Text: Deuteronomy 9:1-29

“Know therefore today that he who goes over before you as a consuming fire is the Lord your God.” —Deuteronomy 9:3

For those of us living in the U.S., authorities say that the next couple of weeks will be the most critical regarding the Covid-19 pandemic. This will be our “peak” moments of confrontation with this invisible Coronavirus giant, when it’s expected to hit closest to home for many of us. As we deliberate this grim forecast, may I reassure you of ONE UNCHANGEABLE TRUTH…

The Lord has already gone before us. He abides in the future. He is not just aware of the days ahead; these coming days are in the palm of His hand. He’s already there. God exists in that place of our deepest dread—that place causing us the greatest fear. That place called tomorrow.

In Deuteronomy 9, the destiny of God’s people was about to bring them face to face with enormous giants they had never seen before. Their future would consist of reputed adversaries, “great and tall,” of intimidating stature. They were the sons of Anakim, “whom you know, and of whom you have heard it said, ‘Who can stand before the sons of Anak?’” They were paralyzing God’s people with gripping fear—a terror that made them feel so vulnerable that they thought of themselves as “grasshoppers” (Numbers 13:33) doomed for defeat.
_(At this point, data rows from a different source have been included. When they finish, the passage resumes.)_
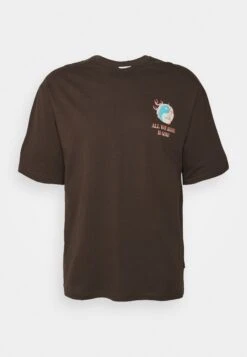 YOURTURN Graphic Tee Unisex - Camiseta Estampada - Brown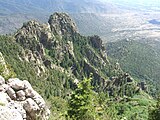 Un pic des monts Sandia.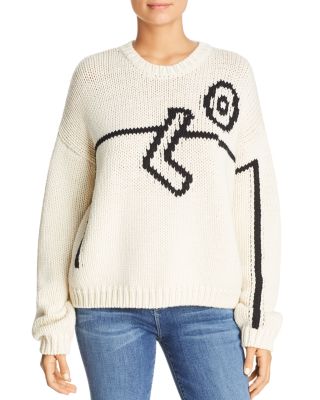 Tory Burch Merino-Wool Intarsia Sweater 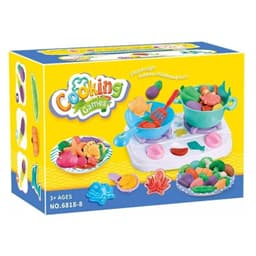 Juguete Set Plasticina Estufa Con Accesorios De Cocina Infnatil Amarillo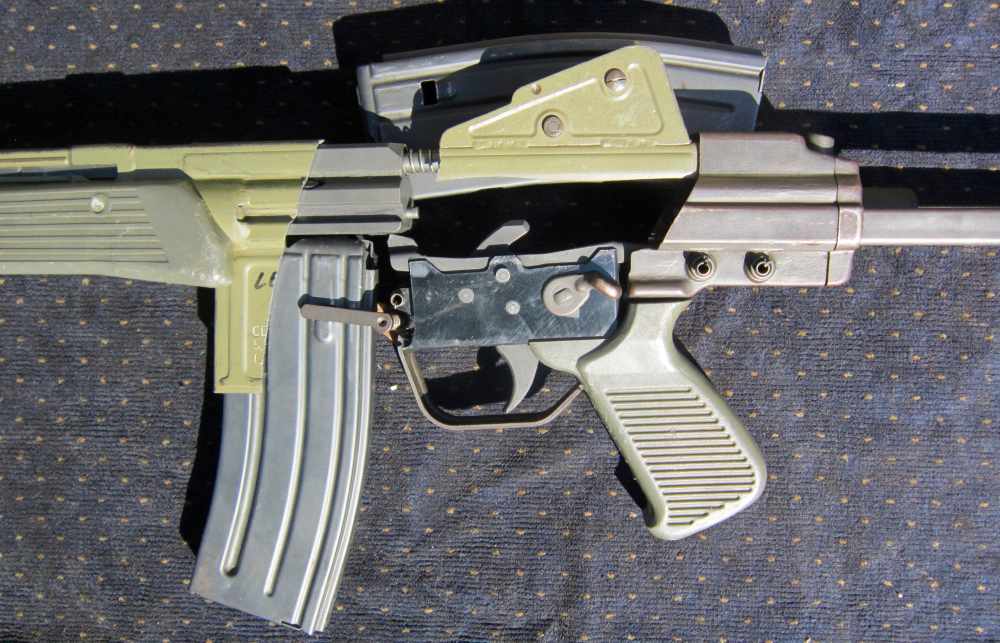 Cetme LC parts kit;Collapsible stock 5.56,Spain superior HK33,adapt L to LC-img-25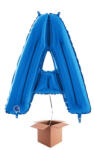 Grabo Balon folie litera A albastru 66 cm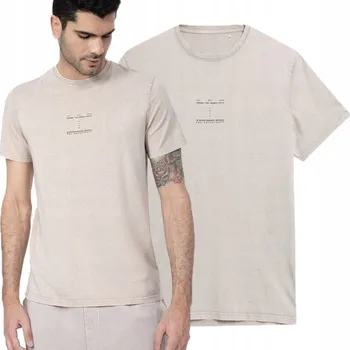 Pánská móda 4F Pánské Tričko TTSHM296 Béžová, Velikost XL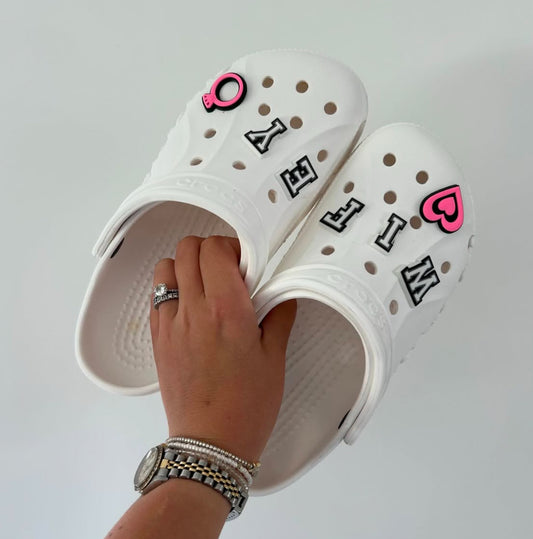 Wifey Croc Charms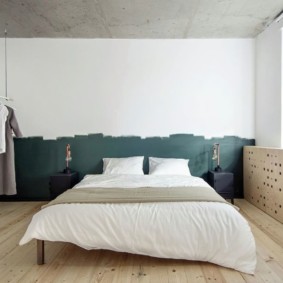 idei de design de dormitor în stil minimalism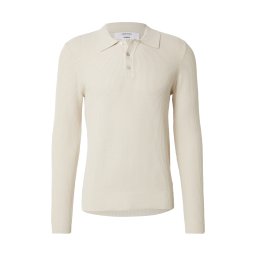 DAN FOX APPAREL Tricou 'Curt' alb murdar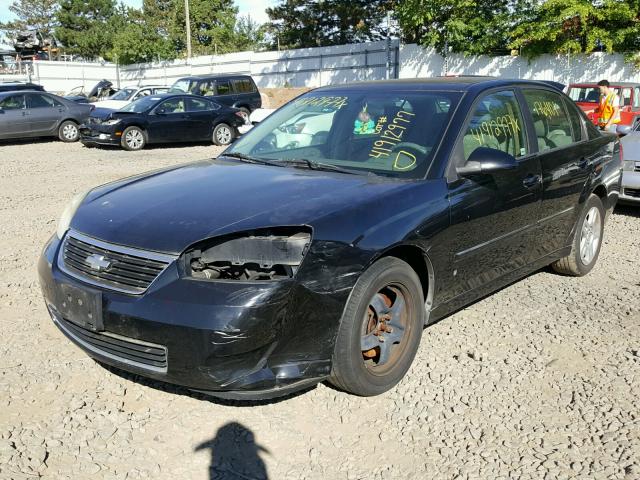 1G1ZT518X6F148221 - 2006 CHEVROLET MALIBU LT BLACK photo 2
Moses challenged the people’s fears over and over again (Deuteronomy 2-3), reassuring them of God’s supremacy over the battle for their future. Then he gives them this charge:

“Know therefore today that he who goes over before you as a consuming fire is the Lord your God. He will destroy them [these giants] and subdue them before you. So you shall drive them out and make them perish quickly, as the Lord has promised you.” —Deuteronomy 9:3

Do you see the Lord as a “consuming fire” going over before you? Do you believe that the winds, the waves, and even viruses still know His name? The battle mentioned in Deuteronomy was much too big for God’s people, but not too big for the LORD. They were admonished by two mutually inclusive facts: That in themselves, the battle was impossible (without Me you can do nothing, John 15:5), but with God the battle could not be lost (I can do all things through Christ who strengthens me, Philippians 4:13).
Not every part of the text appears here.